The value and thought of being reshaped
In fact, information change has been happening since the end of 20th century, but it has been focused on technology, and the big data age has let us begin to focus on the information itself.
The data has always been labeled as "accurate," but Victor Maire Schoenberg that "obsession with accuracy is the product of a lack of information and a simulated age, with only 5% of the data being framed and applicable to traditional databases." If we do not accept ambiguity, then 95% of the non-frame data can not be exploited, only to accept the inaccuracy, we can open a never set foot in the window of the world. ”
In other words, a simple algorithm for large data in a full sample era is more efficient than a complex algorithm with small data. Google's translation system is well received, but it does not need to translate 3 million sentences as accurately as IBM had invested heavily in Candide systems, but rather by the uneven quality of tens of billions of pages of documents that are translated in different languages--it regards language as the data that can be judged, not the language itself. This example means that we no longer need to worry about the negative impact of a particular data point on the entire analysis, but rather accept and benefit from the plethora of data, rather than eliminate all uncertainties at a high cost.
The scientific and social value of large data is embodied here. On the one hand, the degree of mastery of large data can be transformed into the source of economic value. But one problem is that, on the other hand, the big data age has shaken every aspect of the world, from business technology to health care, government, education, economics, humanities, and other areas of society--the simplest, Amazon can help us to recommend the books we want, Google can sort the associated sites, Facebook knows our preferences, and LinkedIn can guess who we know. Of course, the same technique can also be used to diagnose diseases, recommend treatments, and even identify potential criminals.
A better analogy is: "If the 20th century is an era of oil king, 21st century is a data-king era, the value of 21st century data may be equivalent to the oil of 20th century." "It is noteworthy that the current Internet-oriented technology and service capabilities of large data processing and mining is still far from enough, the future will have more valuable data from the vast number of large data unearthed, resulting in a lot of new business forms, new businesses and new services."
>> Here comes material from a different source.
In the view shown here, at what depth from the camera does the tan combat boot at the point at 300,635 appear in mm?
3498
But the power of change in big data is more than that--the core proposition is that large numbers provide only a reference answer, not the final answer. Because it gives up the desire for causation and only focuses on the relationship-just know what it is, without knowing why-it completely reverses the practice of ancient times, so our understanding of reality and the basis of our decisions will be fundamentally challenged. In this case, the big data will be the same as the invention of the Internet, which is not only a revolution in the field of information technology, but also a sharp weapon to start transparent government, accelerate the innovation of industry enterprises and lead social change.
From this perspective, innovation in thinking patterns and management changes are inevitable, and data-driven businesses and governments are becoming possible.
A panorama of large data outbreaks in the United States, a major change in life, work and thinking is taking place.